Dans un petit village reculé situé à l’extrême Nord de la Turquie au bord de la Mer Noire, vivent cinq soeurs aussi jolies que vives et légères.
Depuis la mort de leurs parents, elles sont éduquées par une grand-mère sévère et par un oncle à la sévérité pire encore. De plus, suspicieux, il fait vérifier à l’hôpital l’hymen de ces adolescentes éprises de liberté.
Après un moment de jeux folâtres et innocents avec des gamins, les jeunes filles se heurtent au conservatisme familial. Elles vont vite découvrir ce qu’il en coûte de braver les conventions, alors que dehors rôde le mal (ou le mâle). Enfermées à double tour, punies, fouettées, surveillées et tenues au mariage au plus vite, les cinq jeunes adolescentes sont aussitôt barricadées dans la demeure familiale pour apprendre la vie domestique afin de préfabriquer leur existence d’épouse soumise.
La maison est devenue le mausolée de leurs rêves.
Mais elles ne l’entendent pas ainsi : si l’une se résigne à une vie de morte vivante, d’autres réagissent et font preuve d’une imagination débordante pour ne pas croupir dans le même destin.

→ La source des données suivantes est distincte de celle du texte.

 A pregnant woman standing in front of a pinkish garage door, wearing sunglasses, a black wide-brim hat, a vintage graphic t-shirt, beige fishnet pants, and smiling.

Lors du mariage de l’une des adolescentes, les hommes dansent au rythme de chants traditionnels. Quoique rire soit à peine toléré pour les femmes, tout le monde rit, sauf la jeune mariée qui fait triste mine puisqu’il lui faut quitter sa jeunesse et ses soeurs. C’est sans son consentement, sous la pression de la famille conservatrice, que le mariage a été organisé.

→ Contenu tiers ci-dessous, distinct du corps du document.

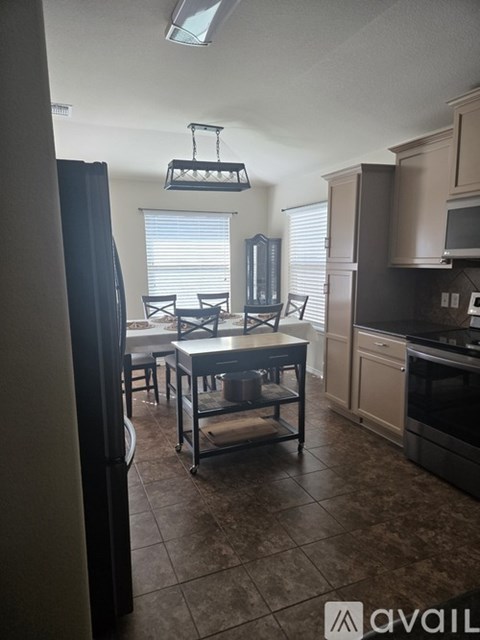 A kitchen with brown tile flooring and a table set for four.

En prise avec la violence de notre époque, cette fiction aborde la question du mariage forcé dans certaines sociétés.
Elle évoque le statut de la femme en Turquie à travers plusieurs générations et sous diverses facettes. Car, les femmes s’empressent de faire subir aux plus jeunes ce dont elles ont elles-mêmes souffert. En reproduisant la situation, la grand-mère perpétue l’aliénation des femmes et les cinq soeurs font les frais de ce rigorisme religieux qui sera fissuré par la victoire éclatante de ces « mustangs » indomptables et fougueuses.
Le film penche davantage du côté de « Virgin Suicides » de Sofia Coppola que vers « Bande de filles », son tonus vient de la fronde et de la résistance face à la société patriarcale et à l’obsession obscurantiste de la sexualité.

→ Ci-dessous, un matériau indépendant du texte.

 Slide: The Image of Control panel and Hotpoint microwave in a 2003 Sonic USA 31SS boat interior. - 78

En pointillés, « Mustang » montre la puissance subversive de la libido féminine : rien ne résiste à sa force, quels que soient l’enfermement, les prisons, les murs et les grilles.
Film politique, certes, mais surtout dynamique film d’aventures, « Mustang » est le premier long-métrage d’une jeune réalisatrice venue de la Femis. Née en Turquie, Deniz Gamze Ergüven, qui se partage entre Paris et Ankara, semble bien décidée à participer, avec ce récit d’émancipation, à mettre à terre l’empire du patriarcat et ses traditions archaïques dans un pays partagé entre un courant progressiste et un autre rétrograde. Les femmes turques ont aujourd’hui leur liberté menacée par le conservatisme et la montée d’un fanatisme religieux dans une société où l’homme ne reçoit d’ordre que de Dieu.
Choisies au terme d’un long casting, les jeunes actrices (entre 13 et 21 ans) sont éclaboussantes de vie et de sensualité.
Hydre à cinq têtes, ces comédiennes en herbe apportent au film leur énergie débridée. Avec leur beauté arrogante, leur fière insolence, leurs longues chevelures, elles s’imposent, dans leur sororité, comme un corps collectif irrévérencieux et indestructible.